Where most games are exercises in combinatorics, this is more like algebra. Everything you need is available at the start of the game; every location is accessible; it’s up to you to take that chaos and simplify, reduce, and cancel things against each other to achieve your goal. In the meantime there are people staggering around, pestering you, throwing garbage — plenty of games have entertaining descriptions of static objects, but this one has entertaining situations that are yours to unfold.
While it lasts it can’t be beat for atmosphere. As a young knight sent on a fool’s quest by a distracted ruler, you become trapped in a cave and have to feel your way along.
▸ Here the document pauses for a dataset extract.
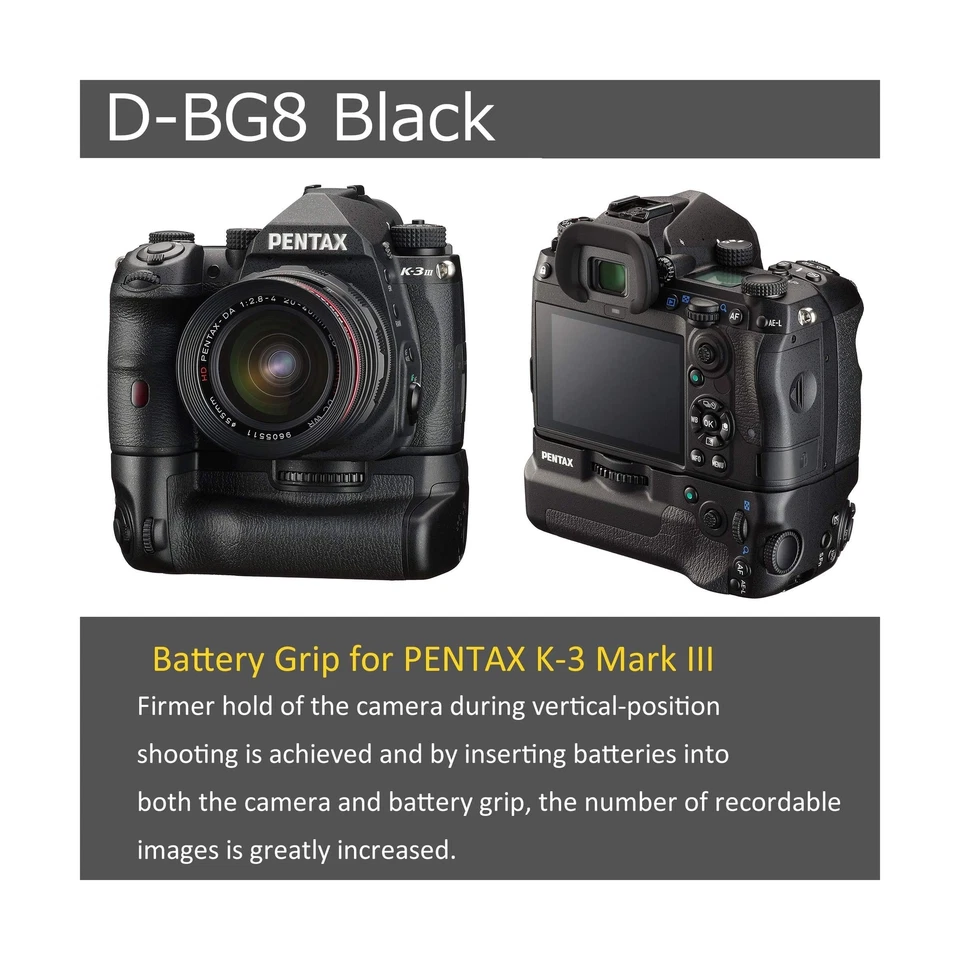 Empuñadura de batería PENTAX D-BG8 negra para Pentax K-3 III insignia DSLR a prueba de polvo a... Foto 3 de 4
This game manipulates you masterfully, which I can only admire. But I could never get past the title. “It’s called Tapestry, and there’s like this tapestry in the game that’s, like, a metaphor for your life.”
Unfortunately the game doesn’t have much else going for it. Next to Punkirita Quest, which conjured horrendous spelling errors from another plane, this one seems notably muted.
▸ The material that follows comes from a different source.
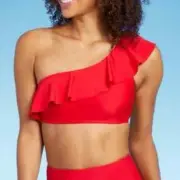 NWT Kona Sol Red One Shoulder Flounce Bikini Top Size Medium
Where the best of the Inform entries were Accomplishments — in programming (Lists and Lists), writing (In the End), conceit (Piece of Mind), and structure (Tapestry) — the TADS entries were merely good, solid games.
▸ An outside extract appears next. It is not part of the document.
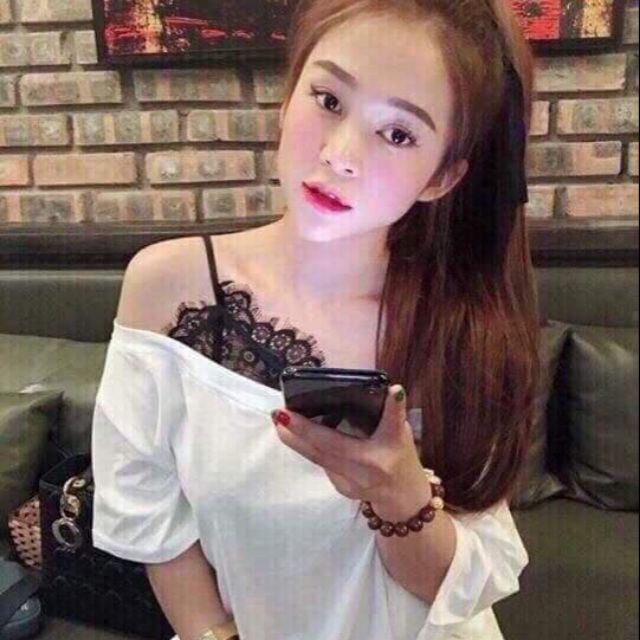 Áo phông pha ren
An unassuming, good-humored story about an equally laid-back pizza dude who winds up foiling a town-wide conspiracy.
Would-be techno-thriller with multiple levels of reality. Your identity is yanked away from you before it’s established; you’re told that everything you know is a lie at a point where you hardly know anything. Solving puzzles is recast as “debugging,” but the inconsistencies you’re supposed to be rooting out are revealed by seemingly random courses of action. One of your chief tasks is interacting with a computer via commands like CLICK LEFT MOUSE BUTTON ON SYSTEM ICON. I’d be interested in a transcript of the ideal game.
At one point your path is blocked by a spider. Rather than swatting it out of your way with a plate, you have to use the plate to pry open a paint can, put the can under the spider, then throw the plate at the spider causing it to descend, in self-defense, all the way into the paint and become trapped. And that’s probably the simplest puzzle in the game. The rest, while technically related to the story — you’re afraid of the dark, so the block-pushing puzzle takes place in an unlit tomb — interfere by nature with its telling.
There’s only one point (“small world, small game”) and you’re awarded fractions.
In the End casts you as a solitary node in a hyper-connected future. As a game, it’s disappointing and aimless once you leave the funeral parlor. But depression, to me, is not some accelerated sadness but rather the feeling that nothing in the world is worth doing — and that’s actually captured pretty well here.
> SIT ON MAN
That’s not a scene I think I could get into.
> RUB SANDPAPER ON PAINT
That wouldn’t achieve anything.
Scrape the paint off with the sandpaper!